▶ _Data provided_
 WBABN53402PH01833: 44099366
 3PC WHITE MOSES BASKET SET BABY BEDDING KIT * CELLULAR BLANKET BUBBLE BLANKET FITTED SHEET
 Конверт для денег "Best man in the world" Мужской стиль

* * *

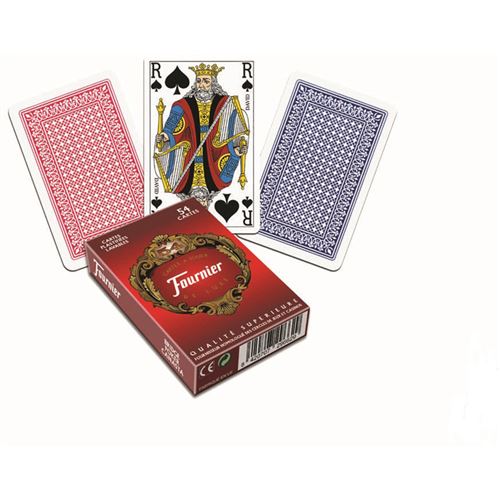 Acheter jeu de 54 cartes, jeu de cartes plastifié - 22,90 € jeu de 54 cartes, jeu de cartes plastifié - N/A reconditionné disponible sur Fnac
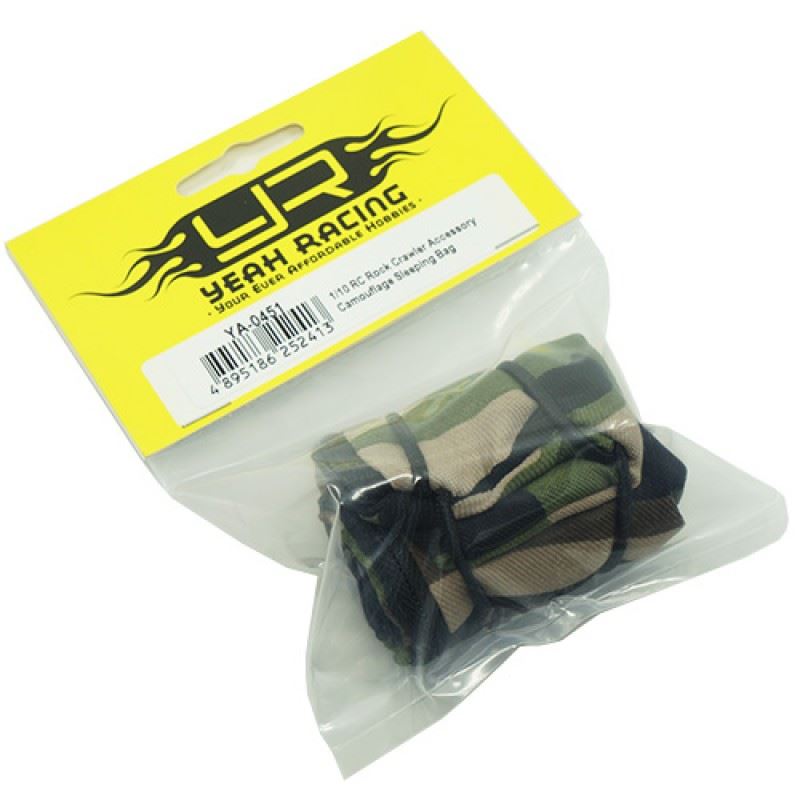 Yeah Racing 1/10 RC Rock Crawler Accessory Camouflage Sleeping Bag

▶ _About this task_
Above are the records. Copy the lines beginning at the one that has "3PC WHITE MOSES" and ending with the one that has "Конверт для денег", unchanged.

▶ _Task answer_
 3PC WHITE MOSES BASKET SET BABY BEDDING KIT * CELLULAR BLANKET BUBBLE BLANKET FITTED SHEET
 Конверт для денег "Best man in the world" Мужской стиль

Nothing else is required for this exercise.